When the initial reports of freshman floors were confirmed last spring, no one knew what to expect. The change was an entirely new precedent for the residence halls that had never seen an all-freshmen floor.
From anecdotal testimony and preliminary data, both the men’s and women’s floors seem to have been successful. So much so that next year new freshman floors will be added to Ironside and Sunday, and the current Gaston hall will be expanded.
Director of First Year Experience Rebecca Weier and resident supervisors spent last summer deciding what the freshman floors in Smith and Gaston should look like. However, when move-in came around, both hall leaders and new freshmen were left wondering how to behave in the foreign environment.
The first couple of weeks presented a steep learning curve. Freshman Justin Reid said the freshmen came pumped full of energy but had no idea where to direct it.
But as the year progressed, freshmen, group leaders and assistant group leaders found their places in the halls.
In fact, GLs and AGLs have become strong, centralizing forces on the floors as well as mentors both in and out of discipleship group.
Weier attributed the success of the halls to their leadership.
“I think a huge part of the success [is] the leadership in the residence halls,” Weier said. “[The leadership] has been intentional in the goals they wanted to accomplish and accomplishing them.”
Resident mentor Jordon Baun also found GL and AGL leadership foundational to the floors’ success.
“The group leaders and assistant group leaders were hand chosen for the hall to be those who would invest more into their discipleship group,” Baun said.
“Right at the beginning the leaders set the tone that discipleship group was going to be used for [its intended purpose]. They were a lot more productive on this hall.”
Discipleship group played an important role on freshman floors. It served to connect freshmen early on to each other and to upperclassmen leaders.
“I love my discipleship group,” freshman Loeak Loeak said. “My GL and AGL were always teaching me things. They were the right guys [for the job].”
Hall meetings became more than a time for announcements as halls studied topics like the virtues of a godly man.
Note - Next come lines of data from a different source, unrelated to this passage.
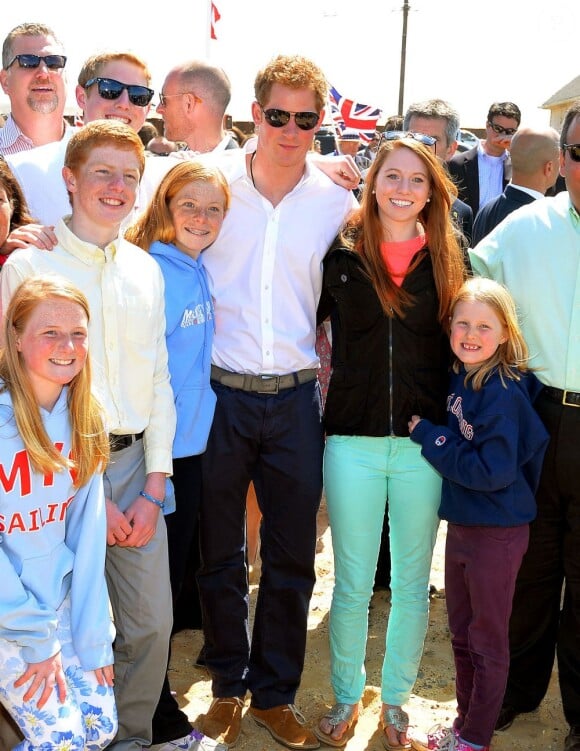 Le prince Harry pose lors de son déplacement à la rencontre de sinistrés de l'ouragan Sandy dans le New Jersey, à Mantokoling et Seaside Heights, le 14 mai 2013 lors de sa visite officielle aux Etats-Unis.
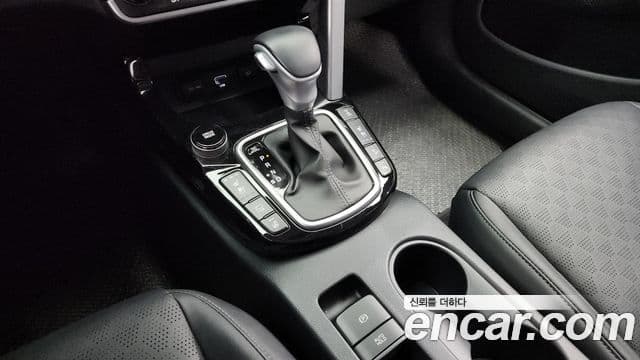 Kia Seltos Signature, 2023 9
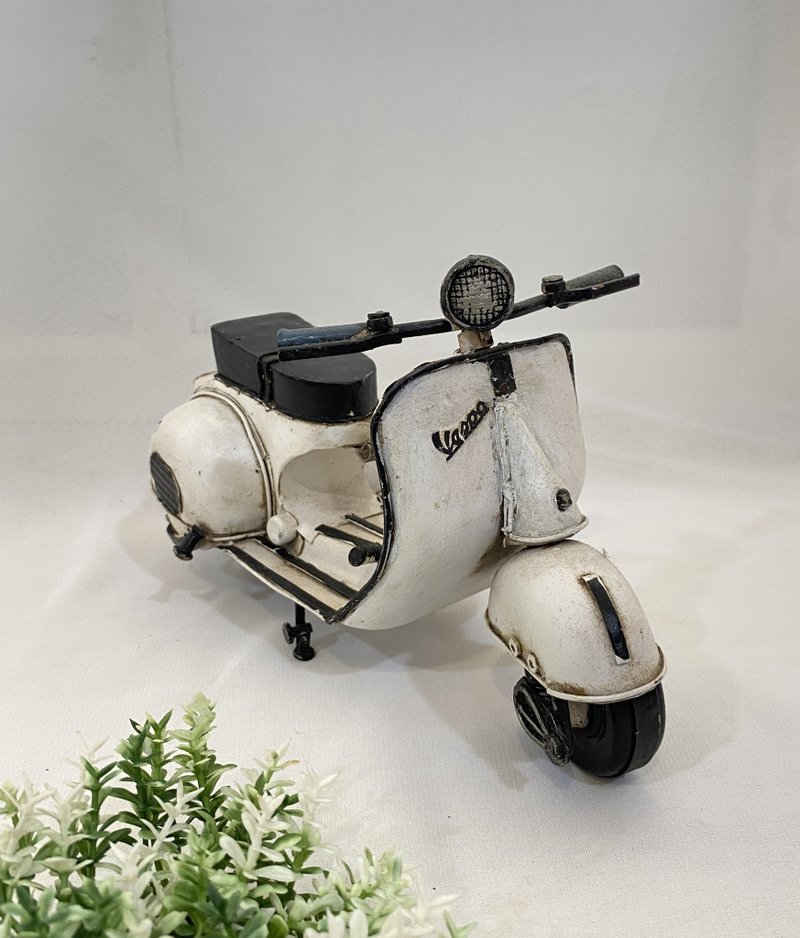 【好日戀物】德國帶回 VESPA 台灣偉士牌復古摩托車模型收藏品 - 擺飾/家飾品 - 其他金屬 白色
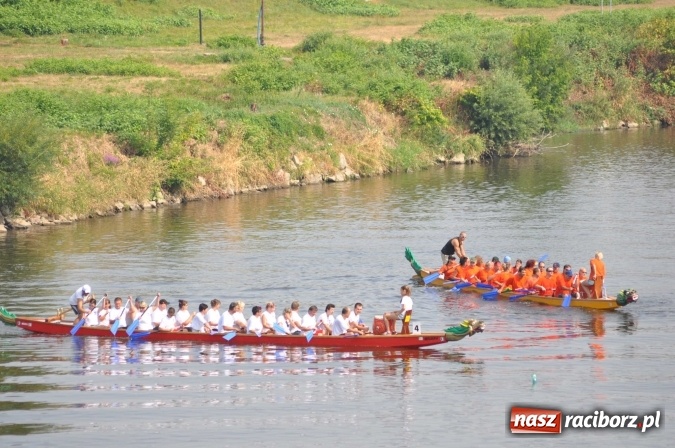 Zdjęcie w galerii na portalu naszraciborz.pl: Zobacz jak Czesi ożywiają Odrę. W Chałupkach-Boguminie zorganizowano czwarte już wyścigi smoczych łodzi wiadomości z regionu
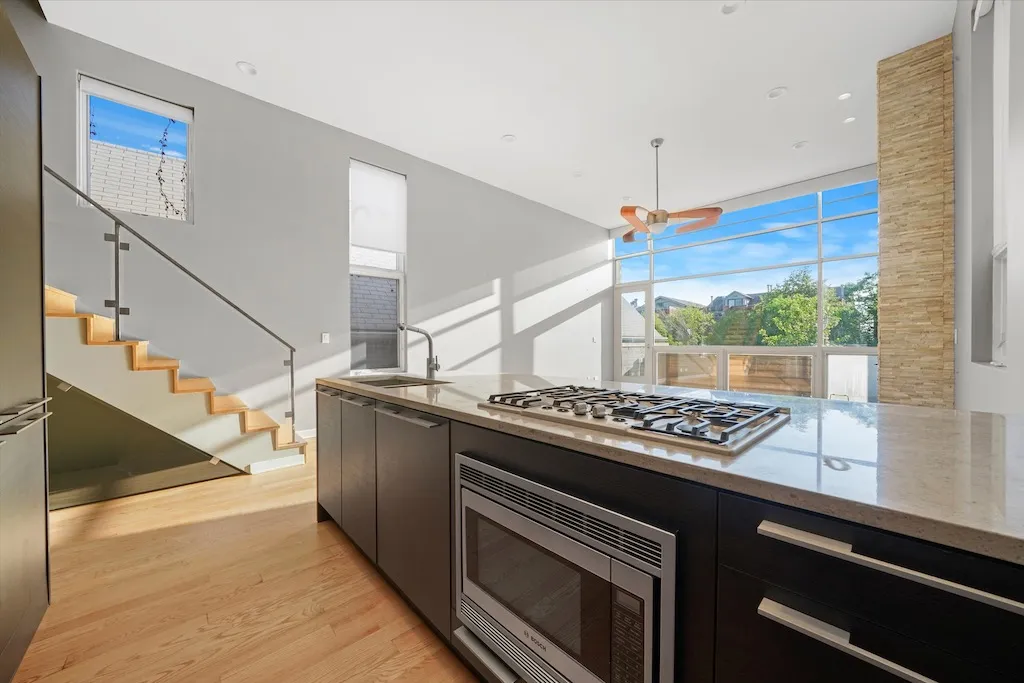 1541 N Bosworth Ave, , 60642, USA 60642-unit#3-Chicago-IL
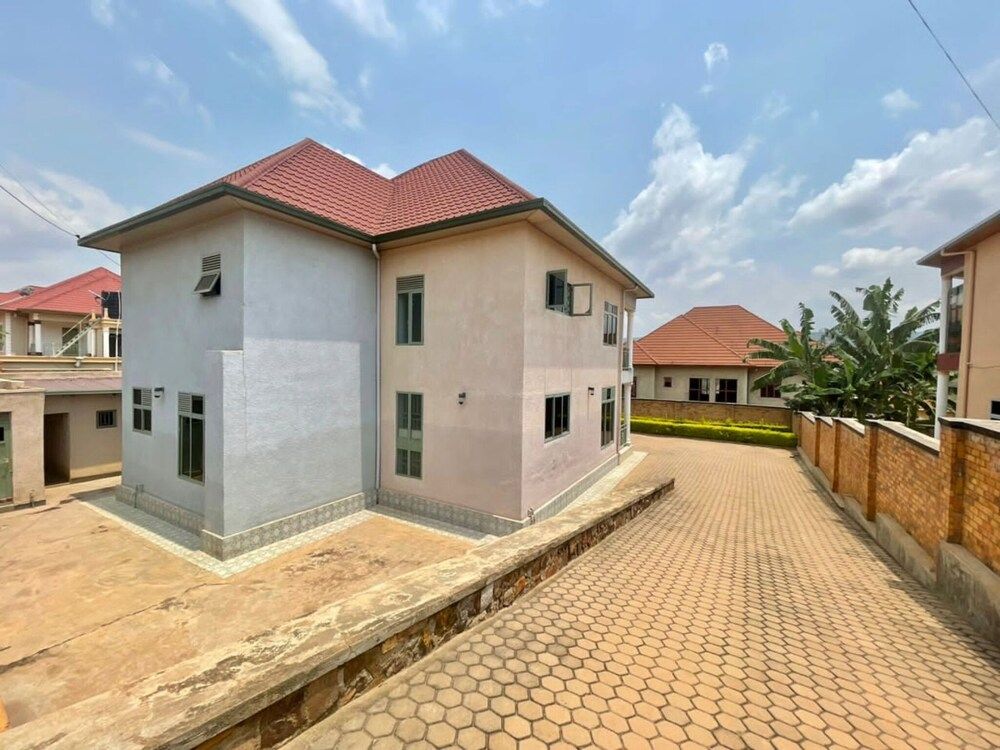 undefined Room in House - Cosy Private Room With Hottub 7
Hall meeting drew special guests like President Pettit, Beneth Jones and academic deans.
An early concern about the freshman floor model was that it could segregate incoming freshmen from the rest of the University.
But Gaston resident supervisor Samantha Bennett said the women on her halls incorporated well into the University community, and involvement has been a key emphasis on the freshman floors.
Freshman Justin Reid laughed at the thought that he was somehow isolated on the freshmen floor.
“The thing is we’re not stuck here,” Reid said. “It’s not like they lock down the halls, or we just go to classes and come back here.”
Reid and other freshmen Jason Holland and Isaac Landry said society, choir and sports teams offer them chances to meet people outside the dorm.
In fact, those students on freshman halls are very involved in campus organizations as well as with each other.
Bennett said the sense of community is so strong some freshmen asked to stay on the hall and with each other next year.
“I think one of the huge values [freshman hall] brings is community,” Bennett said. “That community started pretty much from the beginning.”
Weier, Bennett and Baun said it remains to be seen how freshman floors will change dorm and campus life and affect retention rates of freshmen.